What ultimately defined the first era of Jefferson Starship was the addition of Marty Balin to the roster. Balin had also been in the Airplane. His style of soft-rocking ballads struck a nerve with the listening public. The band minted several big hits in the mid-70s with Balin on lead vocals.
But things suddenly turned sour with this lineup. Balin balked at touring with the band, and he decided to leave following the 1978 album Earth. Around that same time, Slick, suffering the effects of alcoholism, caused some controversy with her behavior during a show in Germany. She soon left the band as well.
Meet Mickey
Jefferson Starship easily could have folded the tent with their two main singers out of the group. But Kantner and company decided instead to hold auditions for a new lead vocalist. Mickey Thomas, a powerhouse belter whose claim to fame had been singing lead on the Elvin Bishop hit “Fooled Around And Fell In Love”, got the gig.
As lead single for the Thomas-led Jefferson Starship’s first album, Freedom At Point Zero, bassist David Freiberg had worked up a song called “Jane” with co-lyricist Jim McPherson. Freiberg originally envisioned it as a kind of baroque pop song, a la what was popular in the late 60s.
However, when Freiberg took it to the band, lead guitarist Craig Chaquico turbo-charged it with a hard-rock arrangement. Chaquico’s screaming guitar and Pete Sears’ funky piano dominated the sound. Not only did “Jane” provide the revamped Jefferson Starship with an immediate hit (no. 14 in 1979), but it also pointed the way to the sound the band would cultivate over their next several releases.
Behind the Lyrics of “Jane”
“Jane” finds a narrator expressing his frustration at the titular character. He wants to continue the relationship they’ve begun, but she’s reluctant. “There’s a time for love / And a time for letting it be, baby,” she tells him.
He thinks she’s making a mistake: “Jane, you’re playin’ a game / You never can win, girl.”

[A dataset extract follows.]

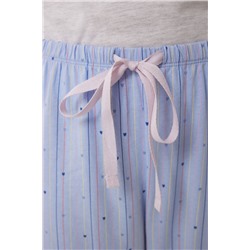 Pijama largo 100% algodón azul rayas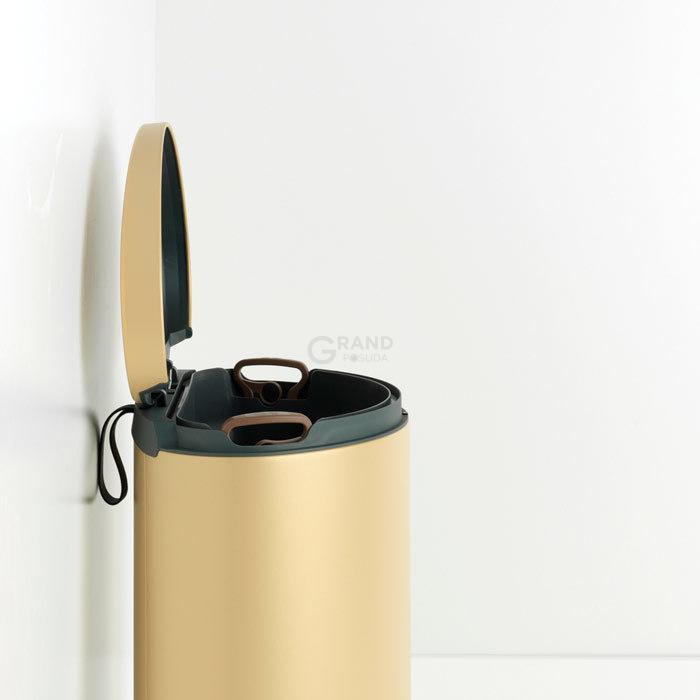 Brabantia Сміттєвий бак з педаллю 40 л, безшумний мінерально-золотий Flatback + | https://grandposuda.com.ua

He presents evidence of their connection. “Were all those nights we spent together / Only because you didn’t know better.”
There’s a contrast between their intentions, as he makes clear. “Jane, you’re playin’ a game of hide and go seek / Jane, you’re playin’ for fun/But I play for keeps.”
It wouldn’t be too long before Jefferson Starship changed again, becoming Starship in the mid-80s. Another change in sound accompanied that move. In the entire tortured history of the different iterations of this loose collection of musicians, “Jane” represents the hardest-rocking hit.